Ask three robotics executives what constrains their deployments and two will say data before they say models. The third will say models, then pause, and add: "actually, it's still data."

Capgemini's Physical AI report (April 2026) frames it this way:

"The data bottleneck is the key insight — not models, not hardware."

Bessemer Ventures, in their Robotics Predictions 2026, are blunter:

"Fleet learning and sim-to-real are unsolved."

The gap between simulation and physical deployment hasn't closed. Every promising sim result since 2022 has hit the same wall when it runs on a real robot with real contact dynamics.

Why data is the actual bottleneck

A robot learning to manipulate an object needs variation. Different lighting. Different object positions. Different grip strengths. Different surface friction. A human abstracts "grasping" from a dozen examples. A robot needs thousands — and the variation has to cover real-world conditions, not just the lab.

This is the coverage problem. Training data collected in a single lab with consistent lighting fails in any other environment. Fleet learning attempts to solve this by distributing data collection across many robots in many environments — but then the privacy and competitive moat problem appears. No company shares proprietary robot operation data with a competitor.

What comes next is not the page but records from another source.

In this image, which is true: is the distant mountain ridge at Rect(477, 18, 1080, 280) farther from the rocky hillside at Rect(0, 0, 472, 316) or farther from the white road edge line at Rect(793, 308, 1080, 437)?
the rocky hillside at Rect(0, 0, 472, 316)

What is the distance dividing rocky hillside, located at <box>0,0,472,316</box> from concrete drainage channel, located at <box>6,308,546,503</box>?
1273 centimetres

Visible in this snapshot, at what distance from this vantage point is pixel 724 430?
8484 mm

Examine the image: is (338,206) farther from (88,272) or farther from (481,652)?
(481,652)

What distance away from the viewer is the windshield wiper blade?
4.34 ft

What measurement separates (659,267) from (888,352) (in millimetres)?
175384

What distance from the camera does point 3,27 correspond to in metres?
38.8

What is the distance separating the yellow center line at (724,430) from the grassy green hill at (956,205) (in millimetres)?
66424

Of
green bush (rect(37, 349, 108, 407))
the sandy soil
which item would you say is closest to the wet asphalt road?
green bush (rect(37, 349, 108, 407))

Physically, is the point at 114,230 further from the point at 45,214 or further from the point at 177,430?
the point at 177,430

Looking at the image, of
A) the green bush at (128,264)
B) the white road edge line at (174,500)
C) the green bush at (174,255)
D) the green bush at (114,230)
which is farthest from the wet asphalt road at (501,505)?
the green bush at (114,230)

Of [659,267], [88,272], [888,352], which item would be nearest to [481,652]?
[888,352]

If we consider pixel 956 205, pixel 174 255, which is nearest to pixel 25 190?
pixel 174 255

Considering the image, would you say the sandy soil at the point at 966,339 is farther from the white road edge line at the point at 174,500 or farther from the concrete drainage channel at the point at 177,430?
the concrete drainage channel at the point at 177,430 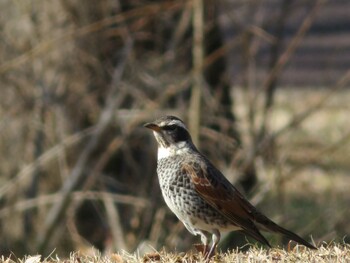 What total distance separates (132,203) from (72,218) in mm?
1294

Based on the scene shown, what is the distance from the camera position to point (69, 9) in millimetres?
10703

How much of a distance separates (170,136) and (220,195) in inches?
25.3

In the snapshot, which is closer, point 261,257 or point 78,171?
point 261,257

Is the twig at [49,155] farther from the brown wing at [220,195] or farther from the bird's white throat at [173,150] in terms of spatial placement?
the brown wing at [220,195]

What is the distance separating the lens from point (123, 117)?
33.3 ft

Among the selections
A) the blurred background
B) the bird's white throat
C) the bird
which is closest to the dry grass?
the bird

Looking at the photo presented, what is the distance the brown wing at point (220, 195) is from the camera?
23.1ft

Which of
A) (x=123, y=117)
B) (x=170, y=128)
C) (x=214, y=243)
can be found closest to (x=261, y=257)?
(x=214, y=243)

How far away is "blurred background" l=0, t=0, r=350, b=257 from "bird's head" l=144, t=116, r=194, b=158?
2.03 m

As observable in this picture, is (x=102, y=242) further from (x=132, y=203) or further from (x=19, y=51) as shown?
(x=19, y=51)

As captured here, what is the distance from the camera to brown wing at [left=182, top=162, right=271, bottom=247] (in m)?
7.05

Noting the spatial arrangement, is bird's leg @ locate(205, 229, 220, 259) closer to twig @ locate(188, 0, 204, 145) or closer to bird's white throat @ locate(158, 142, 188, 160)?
bird's white throat @ locate(158, 142, 188, 160)

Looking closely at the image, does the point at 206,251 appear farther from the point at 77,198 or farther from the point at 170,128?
the point at 77,198

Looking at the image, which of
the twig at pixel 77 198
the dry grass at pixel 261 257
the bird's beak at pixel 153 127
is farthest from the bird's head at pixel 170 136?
the twig at pixel 77 198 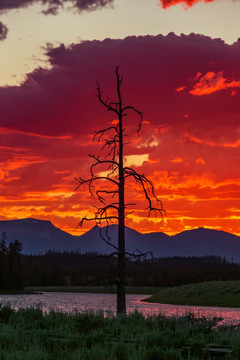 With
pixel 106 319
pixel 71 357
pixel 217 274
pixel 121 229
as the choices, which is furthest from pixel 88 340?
pixel 217 274

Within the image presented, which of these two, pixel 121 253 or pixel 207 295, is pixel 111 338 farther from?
pixel 207 295

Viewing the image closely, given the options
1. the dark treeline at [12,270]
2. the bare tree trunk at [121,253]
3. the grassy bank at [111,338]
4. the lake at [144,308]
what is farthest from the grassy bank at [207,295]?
the dark treeline at [12,270]

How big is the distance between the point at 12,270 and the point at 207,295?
87.1 meters

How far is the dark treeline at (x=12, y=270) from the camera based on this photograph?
461ft

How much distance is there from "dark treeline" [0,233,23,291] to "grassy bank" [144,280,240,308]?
241 ft

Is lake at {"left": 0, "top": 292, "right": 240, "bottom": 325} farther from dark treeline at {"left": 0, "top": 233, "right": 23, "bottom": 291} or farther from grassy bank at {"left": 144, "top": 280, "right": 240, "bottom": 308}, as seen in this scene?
dark treeline at {"left": 0, "top": 233, "right": 23, "bottom": 291}

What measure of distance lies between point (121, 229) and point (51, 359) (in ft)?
40.8

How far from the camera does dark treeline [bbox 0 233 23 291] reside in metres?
141

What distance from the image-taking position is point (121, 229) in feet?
82.5

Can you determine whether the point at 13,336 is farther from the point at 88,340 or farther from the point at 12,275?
the point at 12,275

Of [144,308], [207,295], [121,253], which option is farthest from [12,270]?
[121,253]

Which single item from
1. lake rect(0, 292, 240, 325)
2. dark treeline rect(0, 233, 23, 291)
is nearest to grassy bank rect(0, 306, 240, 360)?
lake rect(0, 292, 240, 325)

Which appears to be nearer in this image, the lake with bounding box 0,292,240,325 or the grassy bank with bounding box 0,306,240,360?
the grassy bank with bounding box 0,306,240,360

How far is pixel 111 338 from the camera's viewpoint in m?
15.4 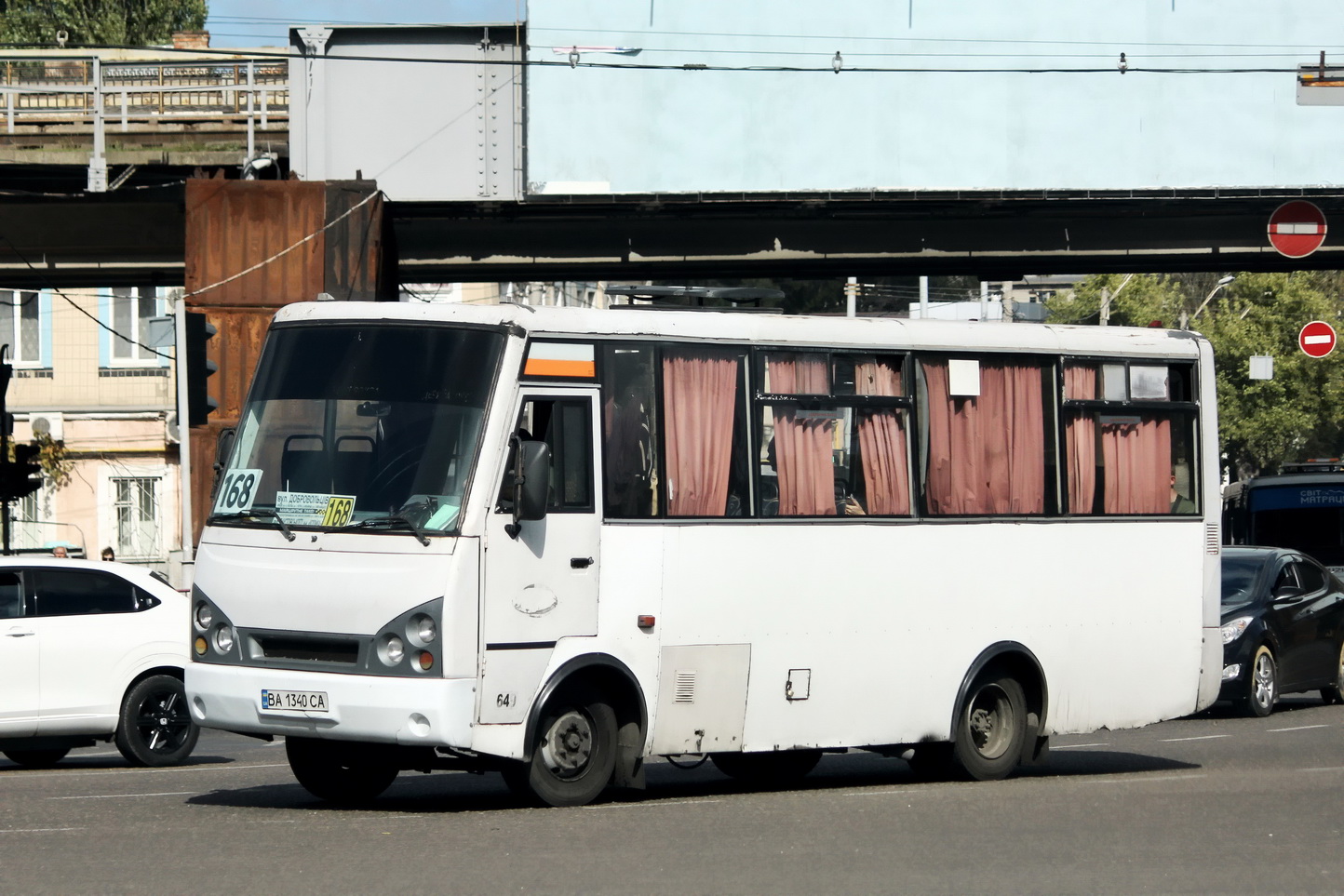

The other failure mode is temporal alignment. When a robot fails, was it a perception error? A planning error? An actuation error? Without precise (state, action, outcome) logging at the sensorimotor level, the failure can't be attributed to a specific data gap. You can't fix what you can't diagnose.

BCG's 5-level autonomy framework makes this structural. Most industrial deployments today sit at level 1-2 (teleop and supervised). The jump to level 3+ (conditional autonomy) requires physical interaction data the current model architectures can learn from. Without that data, you stay at level 2 forever.

The companies winning are winning on data infrastructure

Skild AI raised $1.4B. Figure AI raised $680M from OpenAI. These aren't model bets — they're data bets. The training data for a generalist robot foundation model isn't the code or the architecture. It's the physical interaction logs from real deployments at scale.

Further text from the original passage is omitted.